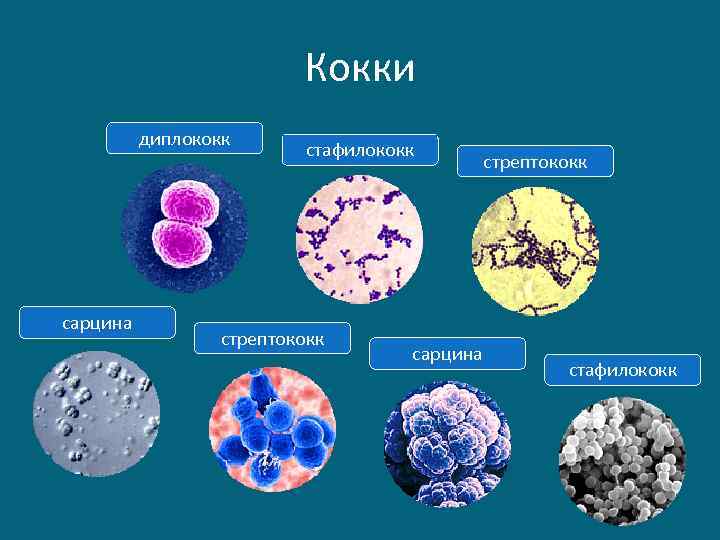 Кокки диплококк сарцина стафилококк стрептококк сарцина стрептококк стафилококк 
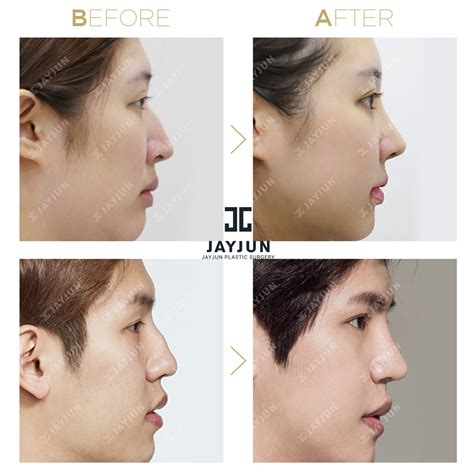 Nose Surgery In Korea Rhinoplasty Revision In South Korea Korea Nose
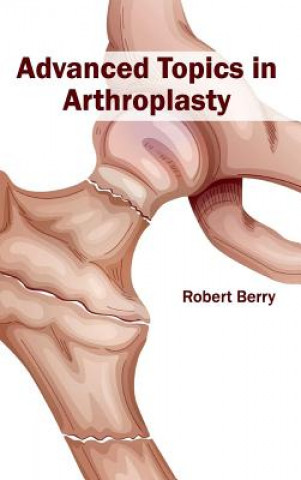 Kniha Advanced Topics in Arthroplasty Robert Berry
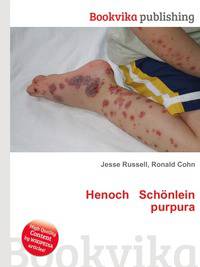 Henoch Schonlein purpura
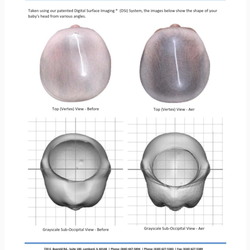 Cranial Technologies - Report: Before/After 3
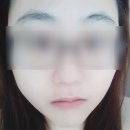 유앤미스킨케어 네이버블로그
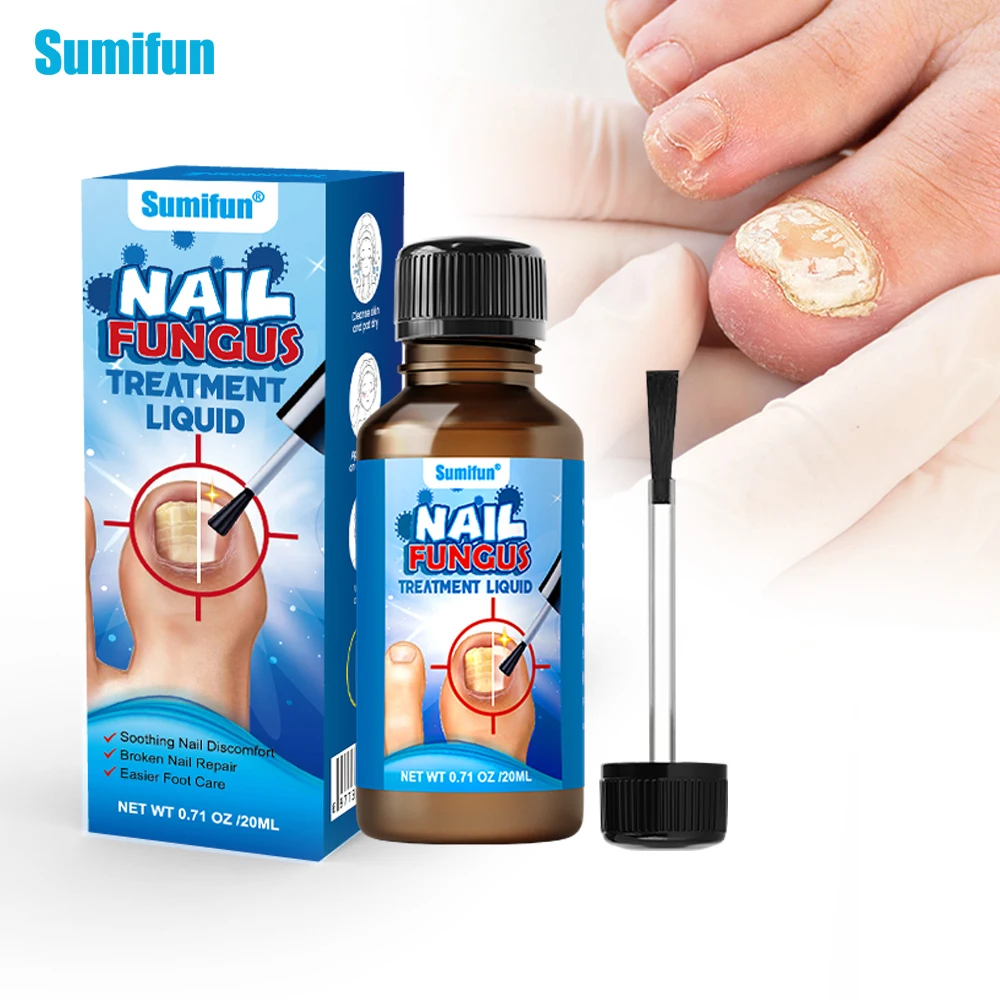 1/2/3Pcs Sumifun Fungal Nail Cream Fungus Removal Anti-Infection Foot Repair Toe Relieve Itching Paronychia Medical Plaster 20ml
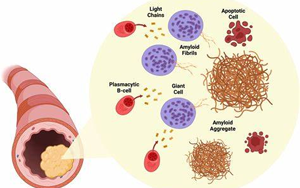 NEJM綜述：淀粉樣變性的發(fā)病機制、研究和治療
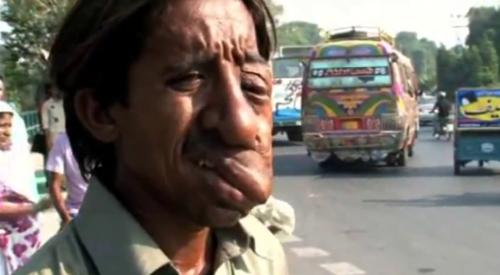 父母近亲结婚他天生畸形,他和堂姐结婚生下怪胎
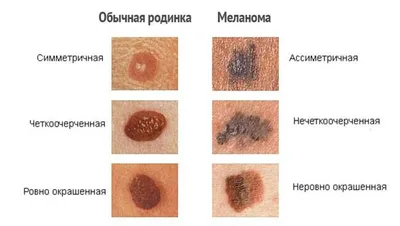 Как отличить опасные родинки от остальных?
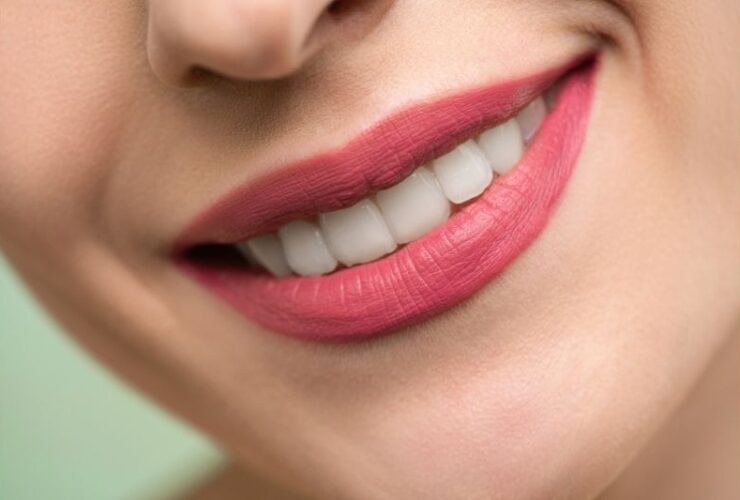 Things You Should Know About Cosmetic Dentistry #beverlyhills #beverlyhillsmagazine #bevhillsmag #cosmeticdentistry #cosmeticdentist #teethwhitening #improveyoursmile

----

## BRIEF
Could you set down every entry above exactly as it stands, with no images?

## WRITTEN RESPONSE
 Кокки диплококк сарцина стафилококк стрептококк сарцина стрептококк стафилококк 
 Nose Surgery In Korea Rhinoplasty Revision In South Korea Korea Nose
 Kniha Advanced Topics in Arthroplasty Robert Berry
 Henoch Schonlein purpura
 Cranial Technologies - Report: Before/After 3
 유앤미스킨케어 네이버블로그
 1/2/3Pcs Sumifun Fungal Nail Cream Fungus Removal Anti-Infection Foot Repair Toe Relieve Itching Paronychia Medical Plaster 20ml
 NEJM綜述：淀粉樣變性的發(fā)病機制、研究和治療
 父母近亲结婚他天生畸形,他和堂姐结婚生下怪胎
 Как отличить опасные родинки от остальных?
 Things You Should Know About Cosmetic Dentistry #beverlyhills #beverlyhillsmagazine #bevhillsmag #cosmeticdentistry #cosmeticdentist #teethwhitening #improveyoursmile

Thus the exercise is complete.